Friday, September 2, 2011

Real Reform - Teaching What They Need to Know


Good piece by Steve Denning @ Forbes, he says:
"The goal needs to shift from one of making a system that teaches children a curriculum more efficiently to one of making the system more effective by inspiring lifelong learning in students, so that they are able to have full and productive lives in a rapidly shifting economy."
The Single Best Idea for Reforming K-12 Education

This is especially true, when as this piece in the Atlantic points out -
The Freelance Surge Is the Industrial Revolution of Our Time
"Today, careers consist of piecing together various types of work, juggling multiple clients, learning to be marketing and accounting experts, and creating offices in bedrooms/coffee shops/coworking spaces. Independent workers abound. We call them freelancers, contractors, sole proprietors, consultants, temps, and the self-employed."

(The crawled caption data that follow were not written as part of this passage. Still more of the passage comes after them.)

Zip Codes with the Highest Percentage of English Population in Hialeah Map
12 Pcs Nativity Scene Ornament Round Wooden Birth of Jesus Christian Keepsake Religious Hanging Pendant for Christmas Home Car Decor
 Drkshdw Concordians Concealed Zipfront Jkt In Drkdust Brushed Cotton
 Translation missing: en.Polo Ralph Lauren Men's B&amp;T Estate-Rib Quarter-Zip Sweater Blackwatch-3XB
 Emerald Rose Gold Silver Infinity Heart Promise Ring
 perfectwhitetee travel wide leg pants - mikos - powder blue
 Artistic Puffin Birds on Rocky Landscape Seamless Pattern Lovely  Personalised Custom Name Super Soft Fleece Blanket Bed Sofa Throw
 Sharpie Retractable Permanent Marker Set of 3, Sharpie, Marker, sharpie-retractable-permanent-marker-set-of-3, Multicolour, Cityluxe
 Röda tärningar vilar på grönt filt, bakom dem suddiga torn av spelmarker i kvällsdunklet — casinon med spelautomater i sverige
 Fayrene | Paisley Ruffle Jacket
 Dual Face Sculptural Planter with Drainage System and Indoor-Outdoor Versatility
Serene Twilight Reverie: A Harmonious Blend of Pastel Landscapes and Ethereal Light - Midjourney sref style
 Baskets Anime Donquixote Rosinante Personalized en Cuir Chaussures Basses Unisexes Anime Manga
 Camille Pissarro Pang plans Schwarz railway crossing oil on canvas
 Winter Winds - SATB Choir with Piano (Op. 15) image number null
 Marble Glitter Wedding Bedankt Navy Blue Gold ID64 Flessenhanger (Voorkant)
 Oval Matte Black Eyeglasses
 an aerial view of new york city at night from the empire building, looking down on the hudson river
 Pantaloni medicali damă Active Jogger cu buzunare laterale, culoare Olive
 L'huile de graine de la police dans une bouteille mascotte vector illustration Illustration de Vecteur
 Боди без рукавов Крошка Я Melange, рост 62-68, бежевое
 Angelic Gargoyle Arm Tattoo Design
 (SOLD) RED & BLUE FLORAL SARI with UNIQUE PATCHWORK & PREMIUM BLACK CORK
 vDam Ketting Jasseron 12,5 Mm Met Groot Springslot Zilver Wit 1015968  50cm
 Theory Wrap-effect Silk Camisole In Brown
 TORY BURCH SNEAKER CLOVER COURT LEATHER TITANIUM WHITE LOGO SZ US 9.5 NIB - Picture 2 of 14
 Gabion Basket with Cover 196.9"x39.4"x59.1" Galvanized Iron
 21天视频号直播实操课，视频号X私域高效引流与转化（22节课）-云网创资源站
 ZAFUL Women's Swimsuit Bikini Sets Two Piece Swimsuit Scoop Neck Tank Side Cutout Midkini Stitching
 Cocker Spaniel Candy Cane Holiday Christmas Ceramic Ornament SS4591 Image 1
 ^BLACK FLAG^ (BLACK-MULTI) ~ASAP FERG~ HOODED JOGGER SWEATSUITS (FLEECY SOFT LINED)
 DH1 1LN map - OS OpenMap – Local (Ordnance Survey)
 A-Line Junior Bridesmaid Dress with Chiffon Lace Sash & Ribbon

The way we live, work, and learn has completely changed - why are we training people for jobs that no longer exist?

We hear so much about "education reform" but almost nobody is talking about real reform that teaches what our children need to know.  Great post at PersonalMBA which answers the question - "What Must an Educated Person Know?"

An excerpt:

"John Taylor Gatto, a renowned education historian and critic of modern industrial schooling, wrote an essay titled The Curriculum of Necessity or What Must an Educated Person Know? Here’s how the essay begins:

"A few years back one of the schools at Harvard, perhaps the School of Government, issued some advice to its students on planning a career in the new international economy it believed was arriving. It warned sharply that academic classes and professional credentials would count for less and less when measured against real world training. Ten qualities were offered as essential to successfully adapting to the rapidly changing world of work. See how many of those you think are regularly taught in the schools of your city or state… Here’s Harvard University’s list of skills that make an “educated person”:
  1. The ability to define problems without a guide.
  2. The ability to ask hard questions which challenge prevailing assumptions.
  3. The ability to quickly assimilate needed data from masses of irrelevant information.
  4. The ability to work in teams without guidance.
  5. The ability to work absolutely alone.
  6. The ability to persuade others that your course is the right one.
  7. The ability to conceptualize and reorganize information into new patterns.
  8. The ability to discuss ideas with an eye toward application.
  9. The ability to think inductively, deductively and dialectically.
  10. The ability to attack problems heuristically. 
After listing these skills, Gatto continued: You might be able to come up with a better list than Harvard did without surrendering any of these fundamental ideas, and yet from where I sit, and I sat around schools for nearly 30 years, I don’t think we teach any of these things as a matter of school policy… None of the schools I ever worked for were able to provide any important parts of this vital curriculum for children. All the schools I worked for taught nonsense up front. And under the table, they taught young people how to be dumb, how to be slavish, how to be frightened, and how to be dependent."